Utangnya dengan sang konglomerat meroket hingga berpuluh-puluh miliar. Hartono gagal bayar. Planet Bali terancam disita bank. Kasusnya terus bergulir di pengadilan, kendati sempat diam selama dua tahun.
Hartono tidak bergeming. Ia terus bekerja membangun impiannya. Planet Bali pun resmi dibuka pada 1997. Diresmikan oleh Gubernur Bali saat itu.
Ironisnya, hanya dua hari. Pemerintah Bali mempermasalahkan isu esek-esek yang ada di sana. Izinnya harus ditinjau ulang.
Hartono merasa mampu meredam aparat, namun ia lupa jika ada kekuasaan di luar tampuk kekuasaan. Hartono tidak cukup kuat untuk melawan konglomerat itu.

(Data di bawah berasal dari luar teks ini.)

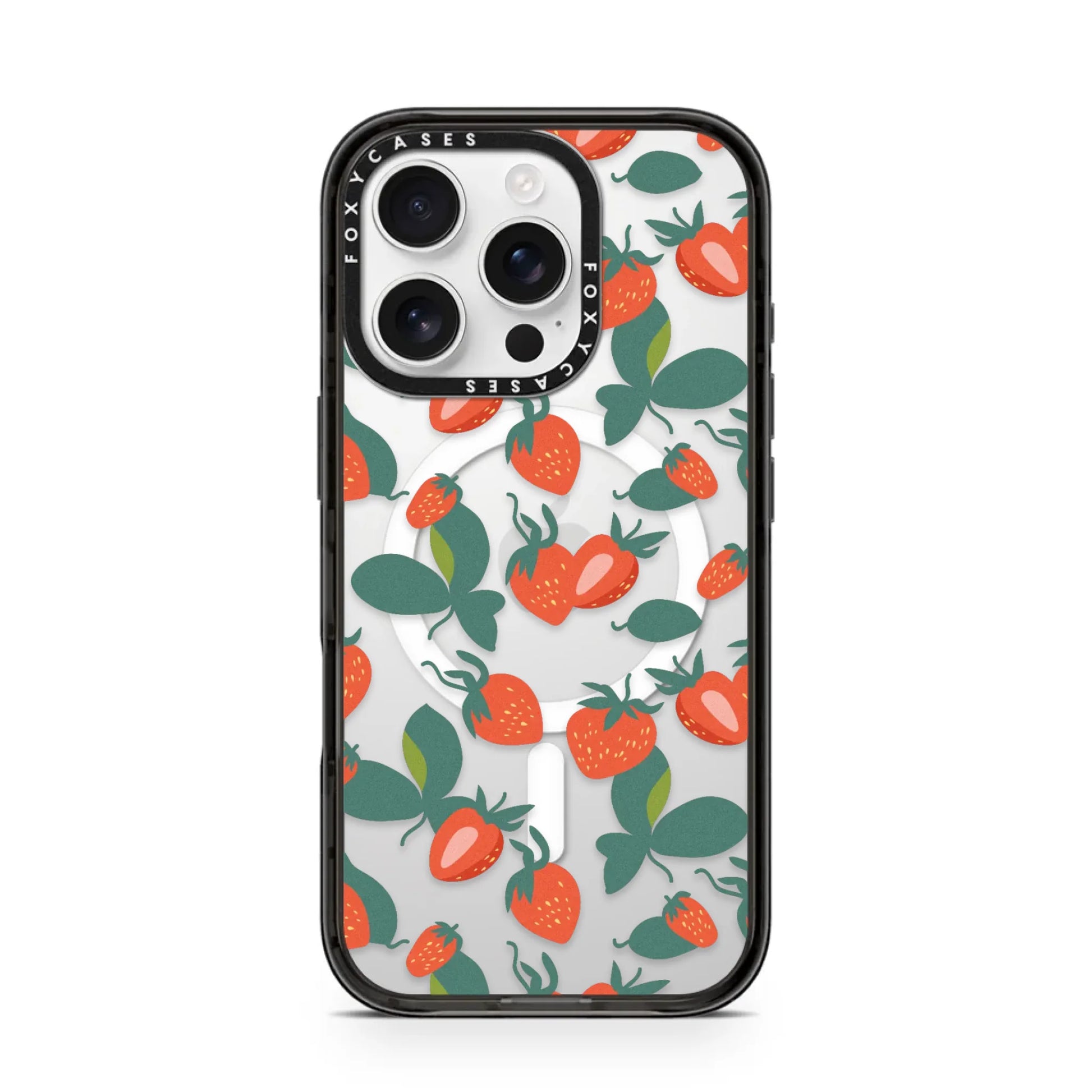 iPhone 16 Pro Impact Case Black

Lantas kasus aborsi yang dilakukan oleh anak buhnya pun menyeret dirinya. Hartono dinyatakan bersalah dan sempat mendekam di LP Kadung Pane di kota Semarang, tempat kelahirannya.
Rumah dan propertinya di Jakarta, Surabaya, Semarang, dan Batam juga turut disita bank. Hartono tidak bisa lagi ditemani para wanita, tidak ada lagi tahta dunia, dan hartanya pun perlahan lenyap.
**
Kini Hartono telah tiada, namun kisah yang ia wariskan masih menjadi legenda. Bahkan hingga tahun 2000an, namanya masih menjadi jaminan mutu.
Sebuah situs online berhasil mencatut namanya dan meraup ratusan juta rupiah dari para lelaki yang terobsesi dengan kualitas wanita merek Hartono.
Bisnis prostitusi bisa dikatakan sebagai salah satu bisnis tertua di dunia. Hartono berhasil menancapkan kukunya sebagai salah satu legenda di Indonesia.